◆ EXERCISE OBJECTIVE: Everything from the line that contains "Used 2024 Ford Edge SEL AWD/4WD image 4" to the end of the data below is to be reproduced verbatim; leave all else out.

◆ SUPPLIED MATERIAL:
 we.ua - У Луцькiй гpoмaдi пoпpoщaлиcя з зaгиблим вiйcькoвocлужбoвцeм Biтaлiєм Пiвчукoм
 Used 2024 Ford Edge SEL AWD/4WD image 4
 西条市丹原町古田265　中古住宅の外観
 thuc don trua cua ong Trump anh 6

◆ TASK SOLUTION:
 Used 2024 Ford Edge SEL AWD/4WD image 4
 西条市丹原町古田265　中古住宅の外観
 thuc don trua cua ong Trump anh 6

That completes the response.